Él los escogió y es el único responsable del desastre gubernamental. A los politiqueros no los inmuta el insulto del que los corresponsabiliza de su ingobernabilidad. Vergonzoso silencio de ofensiva indignidad es el hambre de los hombres del Presidente.
De nuevo arremete como lo ha hecho muchas veces contra la CSJ porque no le parece como actúan los magistrados inmiscuyéndose en su quehacer y ofendiendo su profesionalismo y estos soportan la andana del profano sin llamarlo al orden.
¿Y el estado de derecho con la independencia de poderes que garantiza la democracia? Lobo es clon de Zelaya. Los mismos errores con igual irrespeto, como si trataran con peones de sus fincas olanchanas.
Y como nos sobra el dinero para botarlo proponen una consulta popular porque aquí el pueblo, soberano le decía “Mel”, manda, sin importar lo legal que debe contenernos como país civilizado. No aprendimos nada de nefasto gobierno de Zelaya cuando todo era al pencazo y por eso le dieron el frenazo.
Si legislaran con apego irrestricto a la ley no cometerían yerros y se evitaría la inconstitucionalidad que ahora los enfrenta en un palenque donde Lobo se siente gallo cacareado por ministros como Ham, desbocado agresivo, que pide se revoquen los siete años de los magistrados para que no sigan “dañando al pueblo”, Madrid, que boga por el que lo tiene abonado y no como abogado; Álvarez, el inequívoco que todo sabe, puede y revuelve, y el de Seguridad carreta de resonancia tardía.
Preguntar si los magistrados están con los delincuentes, los victimarios o con los honrados y las víctimas es temerario, grotesco y ofensivo, inimaginable en un estado de derecho.
Lobo está muy distante de ser estadista. No tiene ni la más peregrina idea de su significado, por eso la desfigura con sus antojadizas acometidas pueblerinas.
Es lamentable su desesperación de hacer en las postrimerías de su fracasada administración lo que no pudo en tres años de prometer sin cumplir ninguno de sus compromisos de campaña, de toma de posesión y tantos augurios que hizo sin sustento ni talento.
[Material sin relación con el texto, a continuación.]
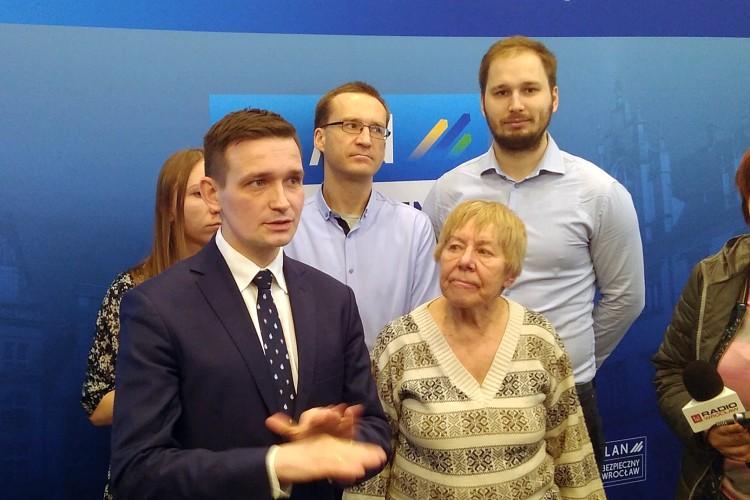 Wrocławski poseł apeluje do NFZ-u o zwiększenie liczby punktów nocnej pomocy medycznej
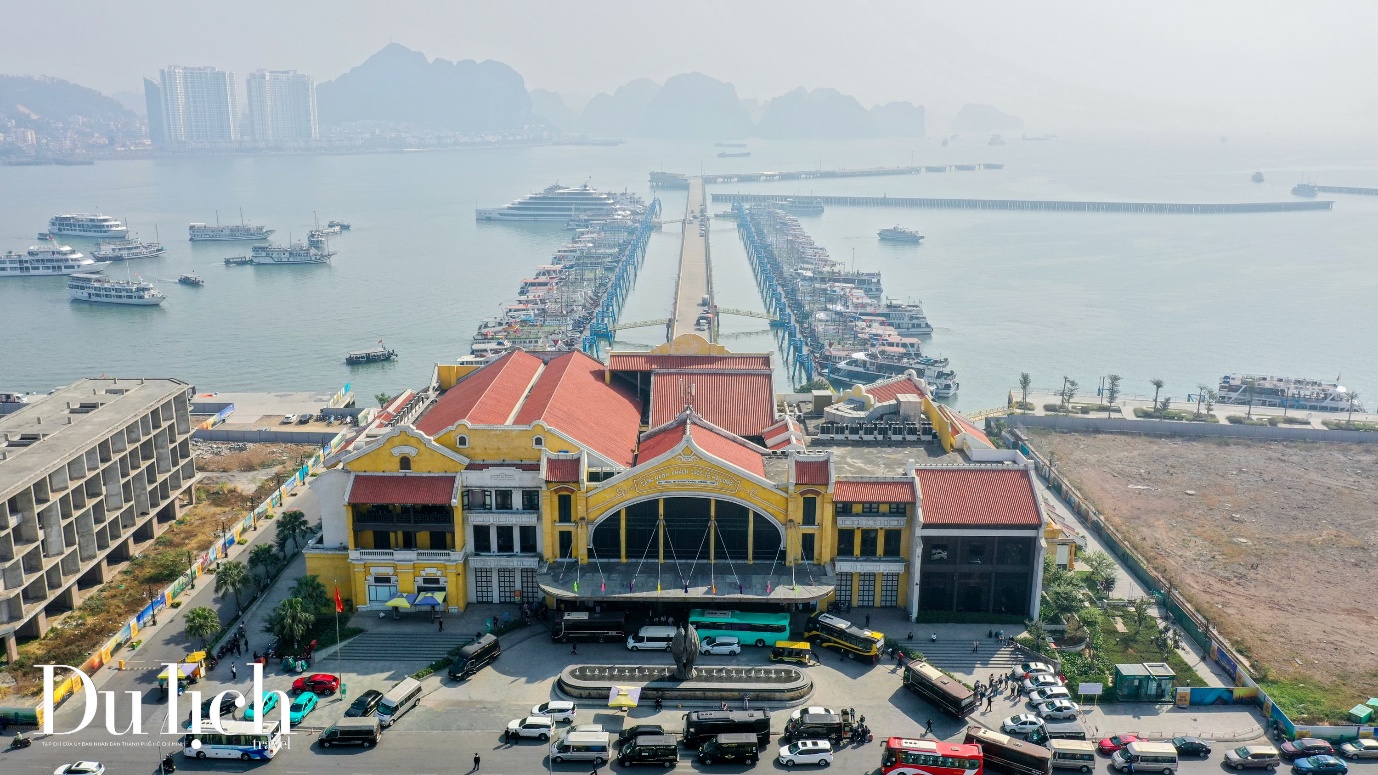 hinh anh khach du lich quoc te tap nap den ha long ngay dau nam moi - 1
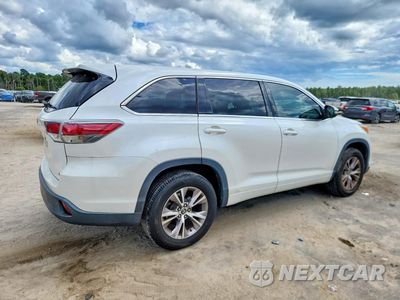 Trzecie zdjęcie samochodu z tyłu: 2016 TOYOTA HIGHLANDER LE PLUS VIN:5TDZKRFH2GS178955 - miniatura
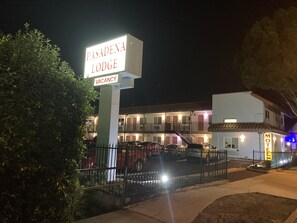 Front of property - evening/night - Pasadena Lodge (Pasadena)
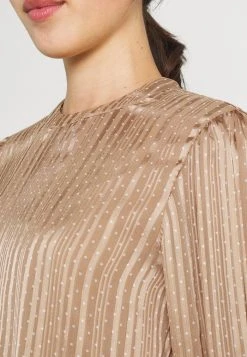 JDYRENNA - Blouse - Chanterelle -Promos JDY Boutique a50d1efbf99f430fb40ea164966ffe01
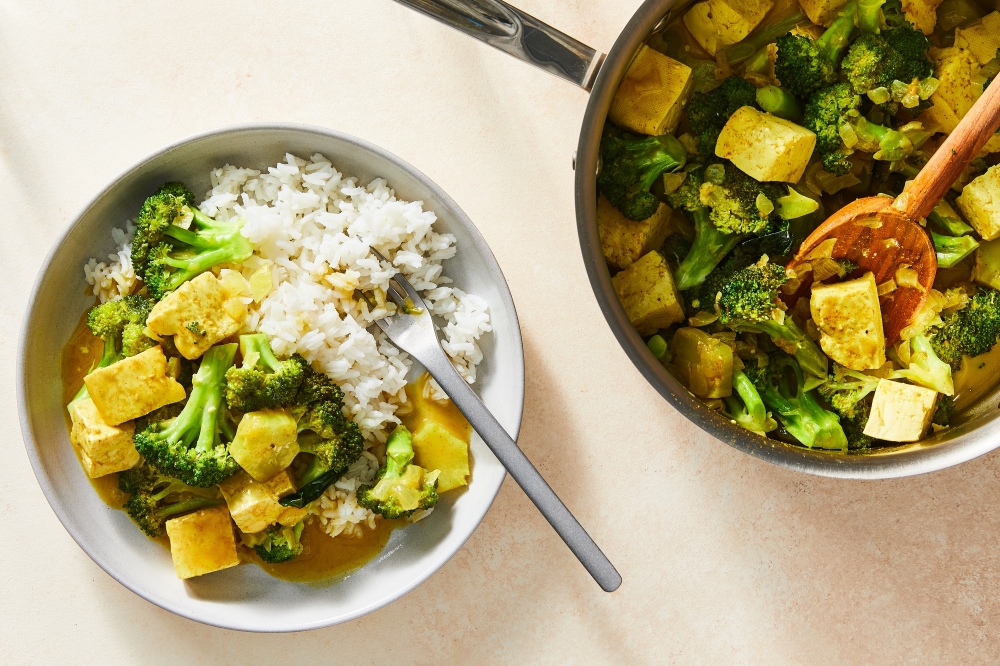 A vegetable tofu curry. (Julia Gartland/The New York Times)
Entiendo que entiende que el tiempo se le fue en vanas y ociosas palabras que ya no engañan puesto que hemos comprobado que se mantiene la criminalidad, delincuencia, desempleo, insalubridad, corrupción incontenible y pésima educación como legado de este gobierno a la improductividad y subdesarrollo sostenido que no podemos superar por los gobiernos que hemos sufrido, cuya sumatoria de ineptitud pagamos con creces por elegir gobernantes que no saben de austeridad y abusan de los bienes públicos.
Estamos insolventes, no por la “crisis mundial” que repite como excusa la marioneta presidencial para explicar sin justificar la incapacidad administrativa, sino por el desbarajuste fiscal de un malgasto corriente exorbitante más la burocracia creciente sin arte ni oficio con sueldos, bonos, ayudas, viáticos y la desidia, injusticia, avaricia, hipocresía y la corrupción impune, en tanto los empleados públicos se agolpan en el muro de los lamentos de casa de gobierno suplicando por sus salarios ya en deuda, a un hombre que responsabilizar a otros y no aceptar su culpa. Ese es el problema de Lobo.